What needs to be done: From the line that contains "Люстра Favourite 1738-12P Brendy" down to the final line below, please repeat each line exactly and nothing more, with no pictures.

Input data:
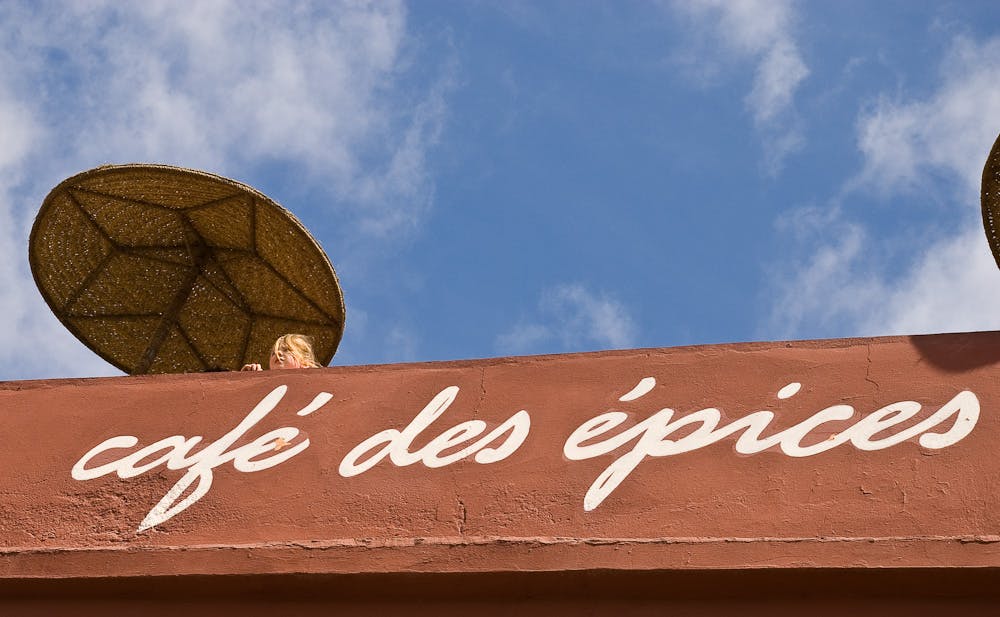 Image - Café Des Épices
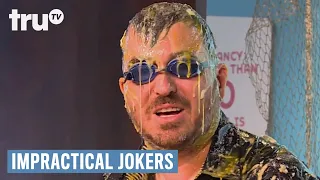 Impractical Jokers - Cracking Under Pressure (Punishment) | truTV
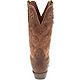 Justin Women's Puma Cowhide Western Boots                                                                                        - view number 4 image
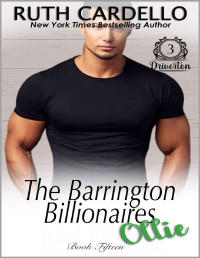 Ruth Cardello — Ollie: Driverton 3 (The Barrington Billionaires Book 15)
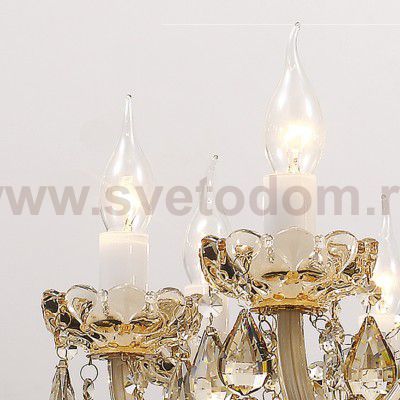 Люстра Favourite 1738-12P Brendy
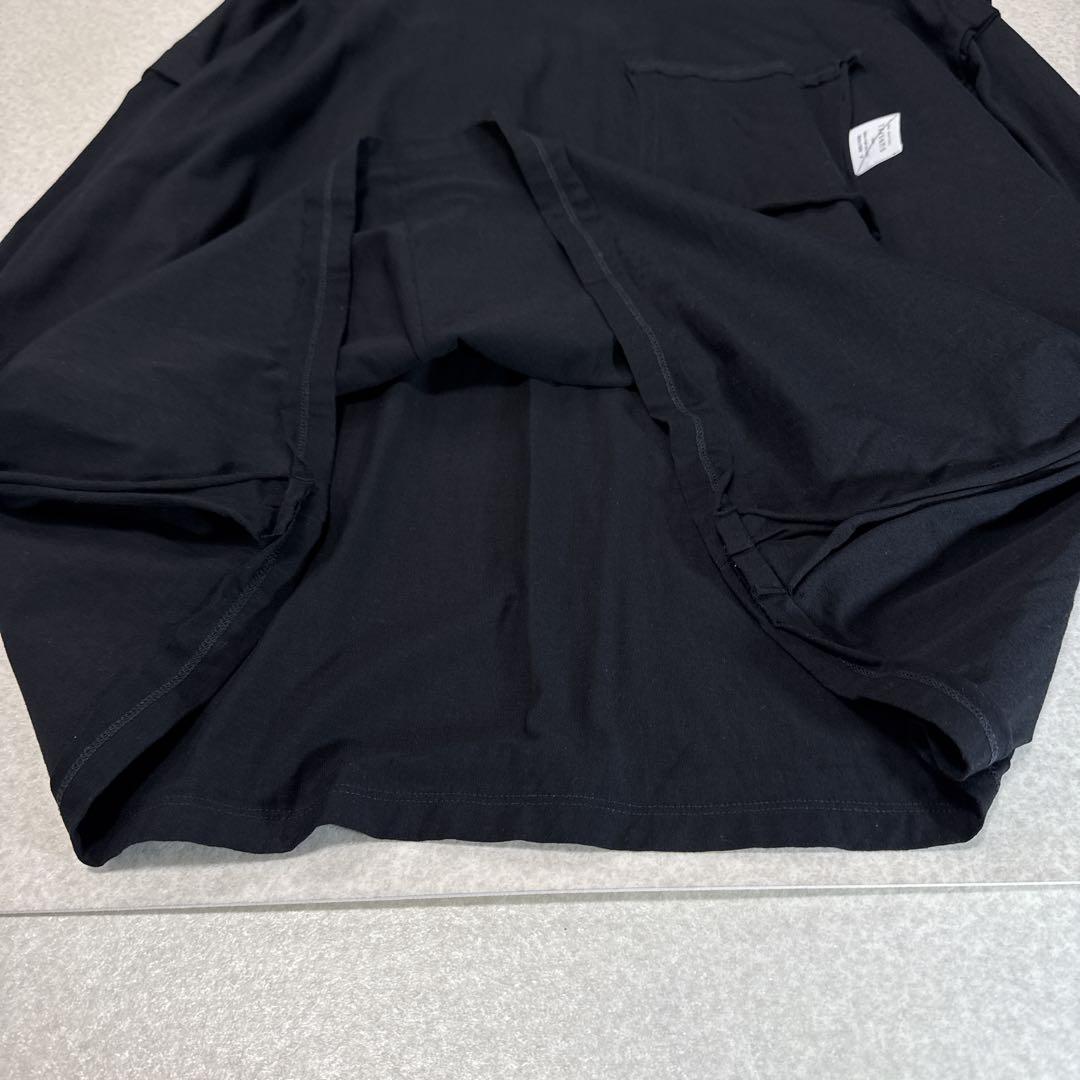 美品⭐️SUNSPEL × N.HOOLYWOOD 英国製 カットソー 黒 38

The answer:
 Люстра Favourite 1738-12P Brendy
 美品⭐️SUNSPEL × N.HOOLYWOOD 英国製 カットソー 黒 38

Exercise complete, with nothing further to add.